The Revd Tim Anderson, Vicar of St John's Healesville, said the Church "needed to be a bit edgy" and he didn't really care whether a congregation was called Metropolis on a Mountain or Village in a Valley. He noted that some parishes already had changed their names for "good and Godly reasons', citing GWAC (Glen Waverley Anglican Church), RAFT (Rowville and Ferntree Gully Anglican Church) and CHAWPAC (Croydon Hills and Wonga Park Anglican Church).

But the Revd Dr David Powys, Vicar of St John's Cranbourne with Christ Church Tooradin, said AACs were in some cases a means of transition for people and that they should be very careful "not to, in any way, discredit or despise the things that are really good about Anglicanism at its parish best".

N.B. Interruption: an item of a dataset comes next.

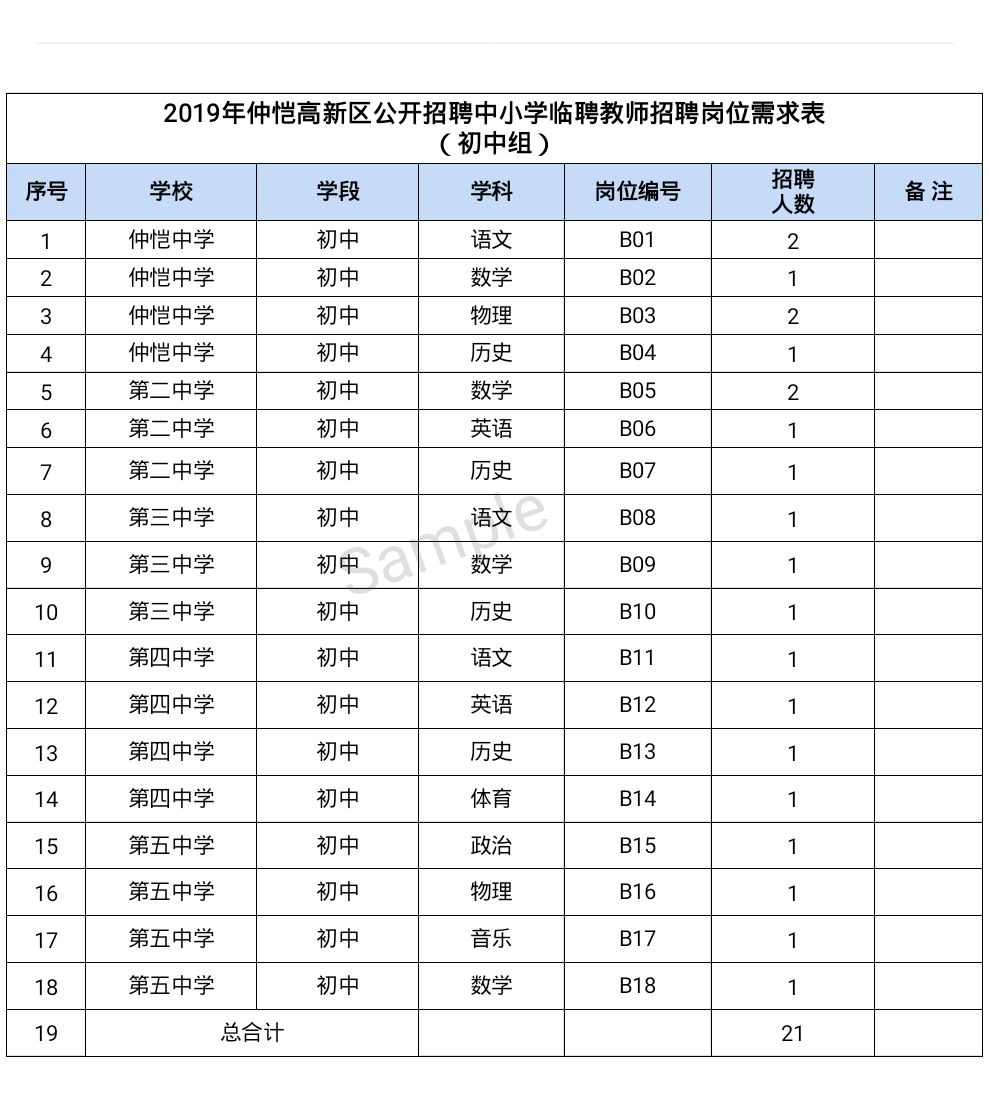 惠州市仲恺高新区gdp人口多少_3县区GDP超100亿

Synod approved the legislation on the voices in both the houses of clergy and laity and applauded when Archbishop Philip Freier, as President of Synod, declared it passed.

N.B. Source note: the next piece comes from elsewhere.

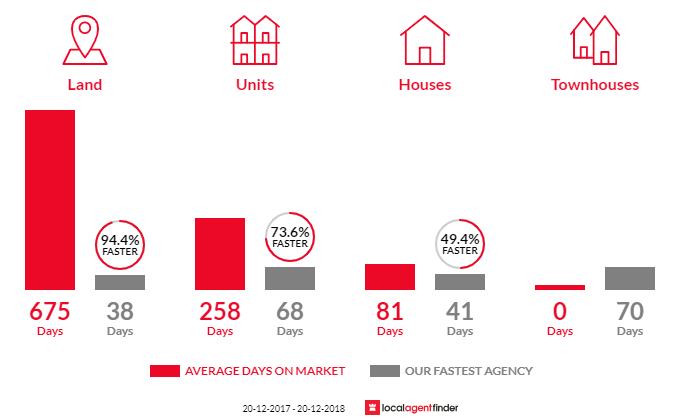Average time to sell property in Rocklea, QLD 4106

The Synod also passed amendments to the landmark Parish Governance Act it adopted in 2013. Introducing the amendments, the Revd Dr Brad Billings, Director of Theological Education, said they followed feedback and suggestions from many people across the Diocese after two years' operation of the Act.

"I think it is fair to say that the amendments being introduced are not major, and that the Act as a whole has not required major revision," Dr Billings said.

Synod also:

* Formally adopted two motions on family violence, including a call to all parishes to consider ways they could reduce the level of violence in their own communities through education and participation in "active bystander" workshops, by speaking out against violence against women and children, and by establishing partnerships with Anglican agencies to provide resources for victims;

* Expressed concern about proposals to cut penalty rates for Sunday work to the level of Saturday work "ignoring the still widely held preference of the community for Sunday as a shared day of social rest, a shared day of worship for many, and the importance of extra compensation for those deprived of this, often amongst poorer members of the community";

* Urged parishes to use the submission of the Social Responsibilities Committee of the Diocese to the Victorian Parliamentary Inquiry into End-of-Life Choices in discussions on the issues of treatment withdrawal, Advance Care Planning, palliative care and euthanasia/physician-assisted suicide;

* Expressed its great concern and disappointment about the lack of systemic commitment in the Diocese to advance a 2010 resolution to ensure full participation in the life of the Church by people with disabilities, their families and carers;

* Recognised "the current stresses and opportunities in rural and regional Victoria", called on parishes and organisations in the Diocese to establish relationships with parishes there, and commended the work of the Bush Church Aid Society; and

* Paid tribute to prominent church historian and advocate for women's ministry, Dr Muriel Porter OAM, who has resigned from Synod after 31 years.